▶ **Task to complete**
All that should come back is the lines of the data below from the one containing "Trim a Home NEW 11 total NEW ornaments" to the one containing "MAĎARSKO - ENCS", inclusive, exactly as they stand.

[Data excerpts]
==============================
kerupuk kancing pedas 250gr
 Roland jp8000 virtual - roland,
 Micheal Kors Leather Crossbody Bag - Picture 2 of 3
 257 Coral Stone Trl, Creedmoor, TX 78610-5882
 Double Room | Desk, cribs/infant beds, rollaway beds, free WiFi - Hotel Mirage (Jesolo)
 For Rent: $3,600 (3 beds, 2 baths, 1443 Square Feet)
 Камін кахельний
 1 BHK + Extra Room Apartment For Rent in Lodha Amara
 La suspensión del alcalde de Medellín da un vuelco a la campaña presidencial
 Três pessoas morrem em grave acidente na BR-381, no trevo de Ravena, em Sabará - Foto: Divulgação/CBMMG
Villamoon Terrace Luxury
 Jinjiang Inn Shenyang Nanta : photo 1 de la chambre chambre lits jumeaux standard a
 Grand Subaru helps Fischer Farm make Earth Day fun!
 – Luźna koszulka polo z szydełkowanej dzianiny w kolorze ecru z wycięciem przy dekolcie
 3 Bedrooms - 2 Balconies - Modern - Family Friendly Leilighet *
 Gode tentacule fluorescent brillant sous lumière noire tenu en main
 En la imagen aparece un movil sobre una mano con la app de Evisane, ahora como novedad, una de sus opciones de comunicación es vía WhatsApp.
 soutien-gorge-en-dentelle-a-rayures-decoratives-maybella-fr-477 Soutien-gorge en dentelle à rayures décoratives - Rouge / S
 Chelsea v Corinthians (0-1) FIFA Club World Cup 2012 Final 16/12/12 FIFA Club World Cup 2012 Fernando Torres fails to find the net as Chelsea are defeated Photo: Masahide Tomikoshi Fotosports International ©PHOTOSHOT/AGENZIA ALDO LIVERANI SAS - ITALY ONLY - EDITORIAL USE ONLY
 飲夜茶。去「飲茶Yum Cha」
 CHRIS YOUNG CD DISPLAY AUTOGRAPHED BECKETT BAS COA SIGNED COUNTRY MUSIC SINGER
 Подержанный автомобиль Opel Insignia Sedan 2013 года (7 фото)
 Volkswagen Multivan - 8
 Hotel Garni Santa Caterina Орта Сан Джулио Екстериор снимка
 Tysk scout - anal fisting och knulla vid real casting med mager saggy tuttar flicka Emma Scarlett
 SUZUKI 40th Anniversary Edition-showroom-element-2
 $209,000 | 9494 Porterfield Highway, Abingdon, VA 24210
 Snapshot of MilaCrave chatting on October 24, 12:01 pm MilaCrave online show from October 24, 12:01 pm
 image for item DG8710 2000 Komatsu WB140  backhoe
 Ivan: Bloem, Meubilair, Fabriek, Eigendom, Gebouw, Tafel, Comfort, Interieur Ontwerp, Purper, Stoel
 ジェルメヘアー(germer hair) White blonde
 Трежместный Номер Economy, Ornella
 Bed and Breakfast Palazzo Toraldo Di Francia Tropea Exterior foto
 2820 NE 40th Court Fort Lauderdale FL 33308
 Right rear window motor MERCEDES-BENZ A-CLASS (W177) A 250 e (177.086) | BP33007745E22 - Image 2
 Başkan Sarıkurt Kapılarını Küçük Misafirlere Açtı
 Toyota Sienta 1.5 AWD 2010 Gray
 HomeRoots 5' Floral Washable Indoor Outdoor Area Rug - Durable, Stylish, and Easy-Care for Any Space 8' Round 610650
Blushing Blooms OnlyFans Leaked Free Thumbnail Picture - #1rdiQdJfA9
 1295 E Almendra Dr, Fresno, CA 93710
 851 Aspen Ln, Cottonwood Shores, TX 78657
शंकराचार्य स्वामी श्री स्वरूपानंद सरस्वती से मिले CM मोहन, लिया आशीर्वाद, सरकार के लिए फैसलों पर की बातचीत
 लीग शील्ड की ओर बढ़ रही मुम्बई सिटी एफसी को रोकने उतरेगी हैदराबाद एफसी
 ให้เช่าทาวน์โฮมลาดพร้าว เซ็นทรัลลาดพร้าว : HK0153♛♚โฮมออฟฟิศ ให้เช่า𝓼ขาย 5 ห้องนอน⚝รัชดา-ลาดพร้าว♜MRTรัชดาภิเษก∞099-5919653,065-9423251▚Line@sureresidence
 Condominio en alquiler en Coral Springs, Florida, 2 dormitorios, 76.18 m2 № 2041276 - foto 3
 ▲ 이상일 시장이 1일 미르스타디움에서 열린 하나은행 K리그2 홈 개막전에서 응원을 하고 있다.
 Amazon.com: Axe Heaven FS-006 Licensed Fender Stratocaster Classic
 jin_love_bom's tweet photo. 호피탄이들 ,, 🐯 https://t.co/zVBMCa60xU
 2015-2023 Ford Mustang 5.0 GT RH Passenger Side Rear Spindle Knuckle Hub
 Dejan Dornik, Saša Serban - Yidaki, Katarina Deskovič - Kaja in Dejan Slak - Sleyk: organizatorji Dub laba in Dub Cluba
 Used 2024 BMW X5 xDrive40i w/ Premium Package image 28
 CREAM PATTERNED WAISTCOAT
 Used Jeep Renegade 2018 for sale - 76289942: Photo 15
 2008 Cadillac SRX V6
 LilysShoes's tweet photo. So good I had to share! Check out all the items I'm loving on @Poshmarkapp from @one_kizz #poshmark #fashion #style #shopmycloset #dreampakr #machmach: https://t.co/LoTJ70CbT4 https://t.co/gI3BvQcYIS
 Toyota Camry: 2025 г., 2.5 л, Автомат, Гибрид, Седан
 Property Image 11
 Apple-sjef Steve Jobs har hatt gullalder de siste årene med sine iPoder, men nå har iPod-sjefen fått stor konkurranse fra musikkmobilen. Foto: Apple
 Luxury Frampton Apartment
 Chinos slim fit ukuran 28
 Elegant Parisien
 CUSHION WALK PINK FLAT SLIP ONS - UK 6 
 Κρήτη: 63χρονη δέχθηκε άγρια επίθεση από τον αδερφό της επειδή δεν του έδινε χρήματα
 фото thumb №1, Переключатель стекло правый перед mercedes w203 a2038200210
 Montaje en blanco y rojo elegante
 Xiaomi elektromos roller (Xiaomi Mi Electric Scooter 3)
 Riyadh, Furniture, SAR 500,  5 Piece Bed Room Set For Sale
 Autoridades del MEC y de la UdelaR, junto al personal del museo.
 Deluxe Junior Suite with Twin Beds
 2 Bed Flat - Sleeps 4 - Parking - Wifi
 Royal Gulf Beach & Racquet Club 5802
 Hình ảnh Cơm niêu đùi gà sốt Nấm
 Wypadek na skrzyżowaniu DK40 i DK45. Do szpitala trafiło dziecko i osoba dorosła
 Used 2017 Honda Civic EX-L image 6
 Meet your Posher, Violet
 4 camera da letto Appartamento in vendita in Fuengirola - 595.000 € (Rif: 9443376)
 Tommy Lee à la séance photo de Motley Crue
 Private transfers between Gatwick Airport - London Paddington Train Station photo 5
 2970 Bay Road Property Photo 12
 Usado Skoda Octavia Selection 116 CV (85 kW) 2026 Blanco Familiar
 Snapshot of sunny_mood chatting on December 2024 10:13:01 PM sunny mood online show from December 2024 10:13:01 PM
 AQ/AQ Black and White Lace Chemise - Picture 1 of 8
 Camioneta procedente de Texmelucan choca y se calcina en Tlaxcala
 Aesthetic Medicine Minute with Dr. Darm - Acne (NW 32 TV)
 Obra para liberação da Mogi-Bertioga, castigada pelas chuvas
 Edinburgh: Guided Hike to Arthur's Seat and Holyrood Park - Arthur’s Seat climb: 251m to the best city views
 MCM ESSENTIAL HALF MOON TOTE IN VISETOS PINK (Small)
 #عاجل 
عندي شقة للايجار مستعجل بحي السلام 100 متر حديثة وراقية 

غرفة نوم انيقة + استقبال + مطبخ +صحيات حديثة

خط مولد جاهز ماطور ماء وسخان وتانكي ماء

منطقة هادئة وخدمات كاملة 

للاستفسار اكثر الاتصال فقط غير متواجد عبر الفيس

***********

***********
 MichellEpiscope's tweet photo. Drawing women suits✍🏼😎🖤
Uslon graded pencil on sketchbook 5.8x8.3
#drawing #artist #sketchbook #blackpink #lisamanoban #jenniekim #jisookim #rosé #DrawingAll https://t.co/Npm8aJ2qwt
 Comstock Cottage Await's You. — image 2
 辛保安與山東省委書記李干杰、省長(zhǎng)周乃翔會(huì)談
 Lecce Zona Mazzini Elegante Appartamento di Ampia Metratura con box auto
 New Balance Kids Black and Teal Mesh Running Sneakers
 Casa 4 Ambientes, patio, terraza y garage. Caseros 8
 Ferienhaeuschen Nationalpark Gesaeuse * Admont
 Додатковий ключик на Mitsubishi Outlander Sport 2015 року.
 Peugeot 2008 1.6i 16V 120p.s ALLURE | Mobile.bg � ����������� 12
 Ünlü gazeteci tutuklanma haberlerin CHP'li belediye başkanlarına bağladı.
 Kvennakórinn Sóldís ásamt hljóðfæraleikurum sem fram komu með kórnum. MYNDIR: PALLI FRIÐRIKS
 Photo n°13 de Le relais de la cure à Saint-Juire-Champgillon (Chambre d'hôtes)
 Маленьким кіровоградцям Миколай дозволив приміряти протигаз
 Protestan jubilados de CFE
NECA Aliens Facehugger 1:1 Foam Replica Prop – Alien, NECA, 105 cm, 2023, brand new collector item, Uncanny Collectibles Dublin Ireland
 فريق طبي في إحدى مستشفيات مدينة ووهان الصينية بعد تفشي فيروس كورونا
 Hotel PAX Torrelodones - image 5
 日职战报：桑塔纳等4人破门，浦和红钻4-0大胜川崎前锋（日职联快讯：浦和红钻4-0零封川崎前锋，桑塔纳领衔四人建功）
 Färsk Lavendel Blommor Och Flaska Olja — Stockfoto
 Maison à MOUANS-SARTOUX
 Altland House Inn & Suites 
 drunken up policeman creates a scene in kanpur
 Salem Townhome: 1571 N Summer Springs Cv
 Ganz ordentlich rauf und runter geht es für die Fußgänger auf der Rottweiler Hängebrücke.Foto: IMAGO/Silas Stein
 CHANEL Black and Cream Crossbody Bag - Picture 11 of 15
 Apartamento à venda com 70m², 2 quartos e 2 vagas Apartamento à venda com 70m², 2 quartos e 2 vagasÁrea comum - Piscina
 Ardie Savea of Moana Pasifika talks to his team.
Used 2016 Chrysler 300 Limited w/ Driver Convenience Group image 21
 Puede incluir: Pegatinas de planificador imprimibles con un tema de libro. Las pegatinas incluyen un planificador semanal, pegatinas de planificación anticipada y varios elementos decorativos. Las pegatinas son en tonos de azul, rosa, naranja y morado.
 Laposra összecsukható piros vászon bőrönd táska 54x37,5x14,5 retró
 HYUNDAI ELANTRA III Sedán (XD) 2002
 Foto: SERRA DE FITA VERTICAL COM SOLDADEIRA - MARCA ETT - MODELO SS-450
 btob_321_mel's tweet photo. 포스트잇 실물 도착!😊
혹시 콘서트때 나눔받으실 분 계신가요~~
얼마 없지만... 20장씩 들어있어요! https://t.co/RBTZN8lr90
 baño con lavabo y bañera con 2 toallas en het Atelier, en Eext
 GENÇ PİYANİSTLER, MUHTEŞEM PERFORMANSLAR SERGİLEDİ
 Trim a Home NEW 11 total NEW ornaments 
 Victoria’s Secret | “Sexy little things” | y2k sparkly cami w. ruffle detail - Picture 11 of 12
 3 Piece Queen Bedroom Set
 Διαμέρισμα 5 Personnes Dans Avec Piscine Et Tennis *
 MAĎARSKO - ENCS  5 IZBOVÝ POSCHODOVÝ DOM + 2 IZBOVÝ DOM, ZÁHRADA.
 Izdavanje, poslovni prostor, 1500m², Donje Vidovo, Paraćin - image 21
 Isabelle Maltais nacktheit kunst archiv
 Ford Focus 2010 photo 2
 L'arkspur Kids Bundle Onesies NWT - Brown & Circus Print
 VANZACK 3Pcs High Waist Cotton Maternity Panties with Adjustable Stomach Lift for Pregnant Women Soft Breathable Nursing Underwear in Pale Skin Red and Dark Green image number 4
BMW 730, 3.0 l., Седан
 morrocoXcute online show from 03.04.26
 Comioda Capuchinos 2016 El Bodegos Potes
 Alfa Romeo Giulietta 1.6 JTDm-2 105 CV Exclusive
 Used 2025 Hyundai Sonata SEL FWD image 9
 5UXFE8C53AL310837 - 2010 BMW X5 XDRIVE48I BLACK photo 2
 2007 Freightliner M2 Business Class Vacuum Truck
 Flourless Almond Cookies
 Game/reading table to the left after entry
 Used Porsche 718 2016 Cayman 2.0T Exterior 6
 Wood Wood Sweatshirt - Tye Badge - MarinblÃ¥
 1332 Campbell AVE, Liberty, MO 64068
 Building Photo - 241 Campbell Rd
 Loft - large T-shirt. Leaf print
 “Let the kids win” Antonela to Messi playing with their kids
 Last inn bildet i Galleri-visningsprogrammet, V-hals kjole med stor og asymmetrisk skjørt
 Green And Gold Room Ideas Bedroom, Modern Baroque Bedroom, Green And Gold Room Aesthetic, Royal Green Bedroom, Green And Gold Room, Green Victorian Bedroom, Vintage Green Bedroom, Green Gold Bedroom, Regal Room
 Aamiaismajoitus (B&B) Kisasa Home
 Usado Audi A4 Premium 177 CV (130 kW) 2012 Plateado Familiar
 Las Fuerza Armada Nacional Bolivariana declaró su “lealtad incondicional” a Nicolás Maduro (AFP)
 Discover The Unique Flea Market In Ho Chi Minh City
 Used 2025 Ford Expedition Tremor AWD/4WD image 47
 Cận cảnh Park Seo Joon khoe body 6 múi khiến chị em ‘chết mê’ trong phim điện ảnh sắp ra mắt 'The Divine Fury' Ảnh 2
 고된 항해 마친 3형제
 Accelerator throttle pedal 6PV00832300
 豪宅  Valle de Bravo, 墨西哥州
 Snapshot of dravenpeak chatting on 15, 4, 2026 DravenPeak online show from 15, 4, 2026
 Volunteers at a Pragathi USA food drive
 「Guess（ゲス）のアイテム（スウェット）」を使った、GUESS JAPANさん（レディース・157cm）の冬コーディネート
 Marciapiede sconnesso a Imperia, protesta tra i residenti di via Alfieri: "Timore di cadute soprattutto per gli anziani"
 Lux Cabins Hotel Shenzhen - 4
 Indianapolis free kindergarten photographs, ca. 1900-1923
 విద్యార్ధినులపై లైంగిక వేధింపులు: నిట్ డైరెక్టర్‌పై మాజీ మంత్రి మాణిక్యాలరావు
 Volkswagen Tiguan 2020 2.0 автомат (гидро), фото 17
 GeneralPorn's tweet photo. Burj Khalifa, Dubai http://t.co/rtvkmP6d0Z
==============================
▶ **Solved exercise**
 Trim a Home NEW 11 total NEW ornaments 
 Victoria’s Secret | “Sexy little things” | y2k sparkly cami w. ruffle detail - Picture 11 of 12
 3 Piece Queen Bedroom Set
 Διαμέρισμα 5 Personnes Dans Avec Piscine Et Tennis *
 MAĎARSKO - ENCS  5 IZBOVÝ POSCHODOVÝ DOM + 2 IZBOVÝ DOM, ZÁHRADA.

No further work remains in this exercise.